Handling and Braking

Reviewers like the LR2's handling, with the Detroit News going so far as to call it "superb." Motor Trend says that "[o]n tarmac, the LR2 displays a confident, compliant ride free of the harshness of some of its rivals, though it probably lacks their ultimate handling tenacity." Forbes says that "[t]he steering response is nimble enough but retains that Land Rover robustness designed to withstand jarring abuse on rough terrain." The reviewer for the Boston Globe found the LR2's ride to be "quiet, comfortable, smooth, and fun." The reviewer for Edmunds complains that "[a]mong the LR2's flaws are soft handling on pavement," but the Washington Post points out the LR2 is perfect for "people who understand that the LR2 is a sport-utility vehicle, as opposed to a sports car."

Much of the LR2's handling comes courtesy of several sophisticated electronic systems. "The LR2 also brims with electronic watchdogs to help keep you out of trouble," says Motor Trend. These systems include stability and traction control, which monitor wheel slippage and driver inputs to keep the vehicle on course.

The LR2 has a fully independent long-travel suspension with large-diameter struts. Newsday finds it "well balanced...the ride is comfortable....This SUV never feels tippy or overly bouncy." The Orlando Sentinel found that "[t]he suspension soaks up bumps as it should, but it's firm enough to let the LR2 corner as well as any SUV this size. It never feels tipsy." Edmunds notes that "[o]n back roads, the substantial suspension travel lets the LR2 rock a bit from side to side, a constant reminder that this is a utility vehicle, and not a sport compact car after all."

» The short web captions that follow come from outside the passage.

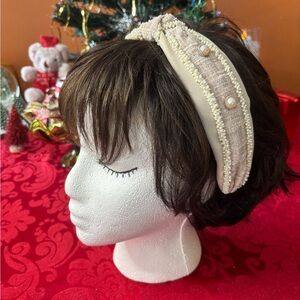 Cream plaid pearl headband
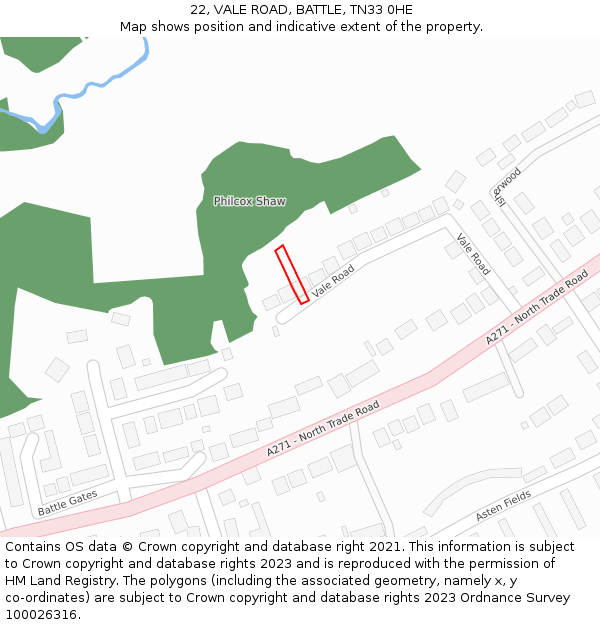 22, VALE ROAD, BATTLE, TN33 0HE: Location map and indicative extent of plot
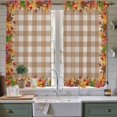 thumbnail image 2 of Fall Maple Leaves Kitchen Curtains 63 Inch Length, Thanksgiving Beige Brown Plaid Tiers Curtains for Living Room Berdoom Bathroom, Light Filtering Drapes Window Treatment 2 Panels 42"Wx63"L, 2 of 9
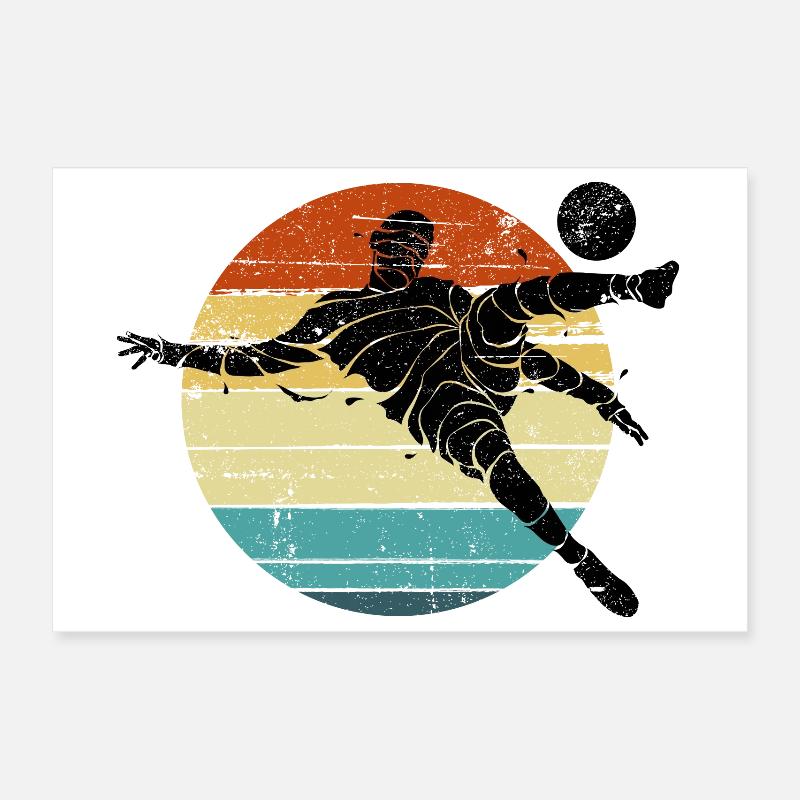 Retro Runner Sunset Circle Poster 12" x 8" (30x20 cm)
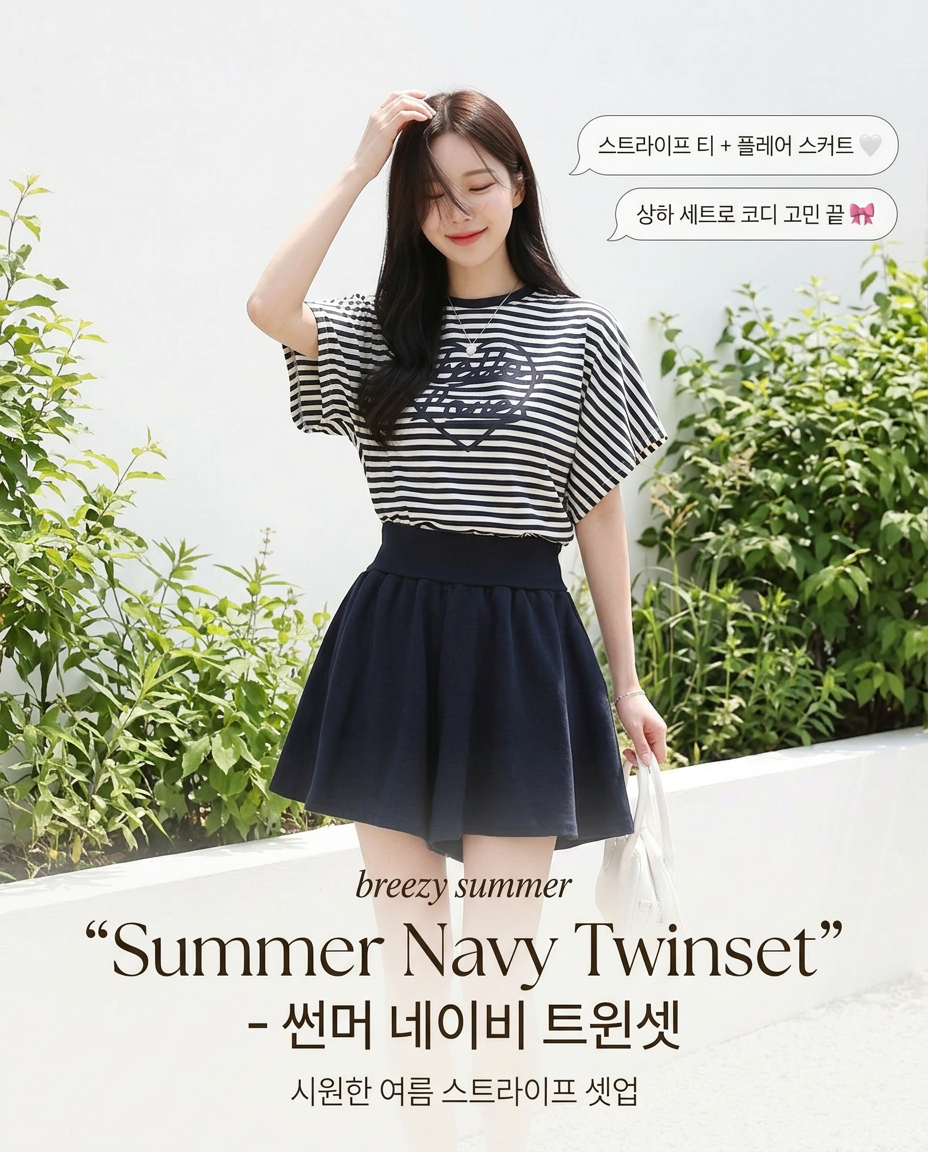 Summer Navy Twinset 썸머 네이비 트윈셋 (티셔츠+치마바지)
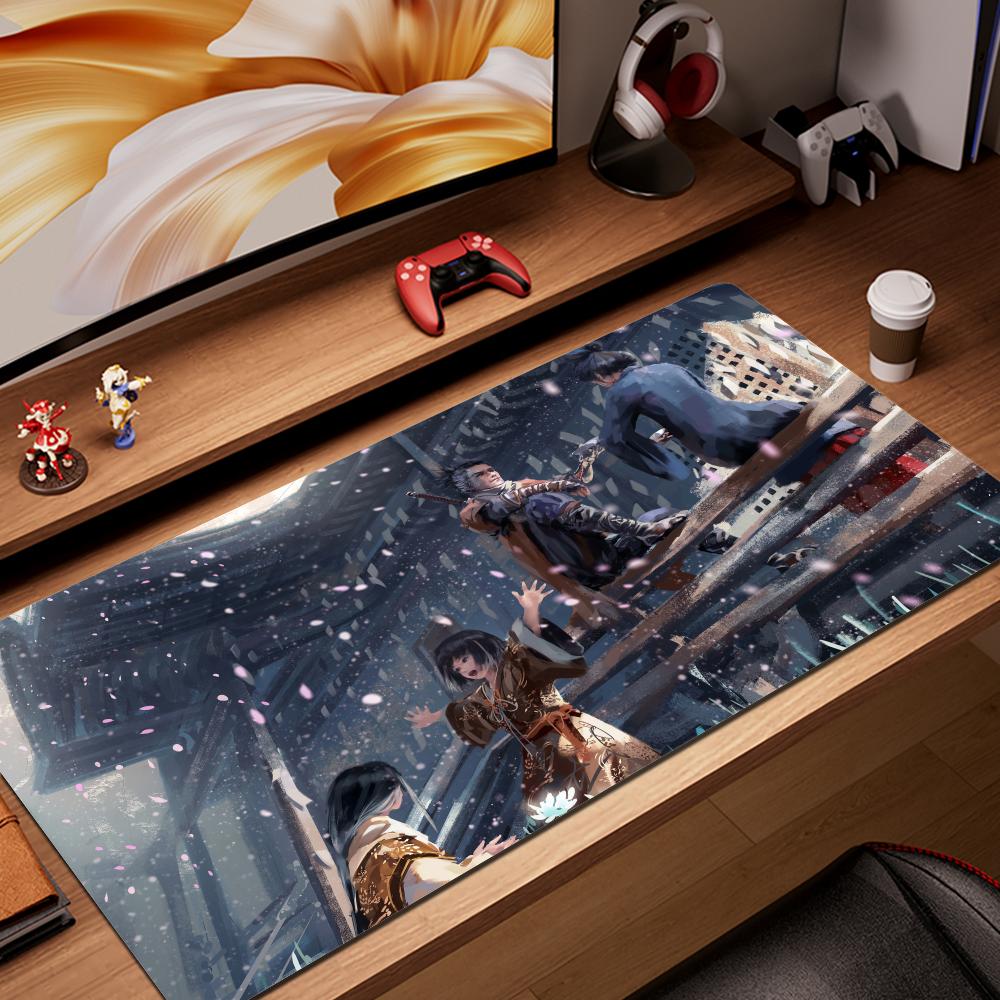 Shadows Die Twice Computermousepad Sekiro Gaming-Mauspad Groß 900x400 Mauspads Gamer XXL Teppich PC-Schreibtischmatte Tastaturteppich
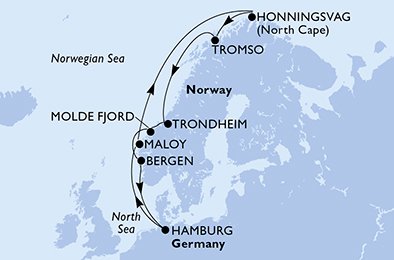 Itinéraire de votre croisière Croisière Norvège  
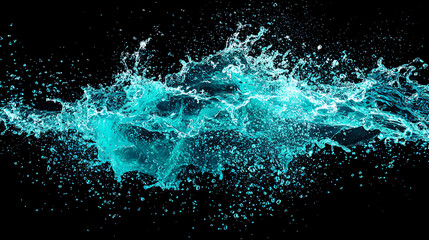 Glowing turquoise water particles dance in the darkness, creating a mesmerizing display of light and movement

The LR2's anti-lock disc brakes are "strong with a progressive pedal feel," says Edmunds. The brakes are so responsive, according to USA TODAY, that "some folks might consider [them] touchy but only because most other brakes feel so sloppy." The Milwaukee Journal Sentinel notices that "[b]raking is solid from four-wheel discs, but since [the LR2] is so heavy, it requires steady, hard braking to stop from highway speeds."

Off-Roading

Off-road driving is a Land Rover specialty. Most reviewers feels that the LR2 holds its own in this department. "The LR2's off-road prowess is outstanding," says the Detroit News. Some critics, however, fear that the absence of a low-range transfer case will compromise its ability to perform in the most extreme off-road situations. "Diehard off-roaders will note that...the LR2 lacks a two-speed transfer case with low range," says Motor Trend. "Unless you plan to tackle serious boulders and such, though, you probably won't miss it."

Land Rover has installed a number of electronic systems to compensate for the lack of the low range. Most of these are controlled by a master system known as Terrain Response, which allows almost every aspect of the LR2 to be adjusted for different surfaces, including grass, mud and snow. Forbes notes that "[w]hile the LR2 lacks low-range gearing to be able to tackle the toughest off-road situations, it makes the best of things with its own rendition of Land Rover's robust and high-tech Terrain Response system found on pricier models." The New York Times lodges a minor complaint that "it is missing the rock-climbing setting offered on other Land Rovers -- an omission not likely to be noticed." Other electronic systems include Hill Descent, which prevents the vehicle from descending steep surfaces at dangerous speeds and Gradient Release Control, which improves traction on slippery slopes.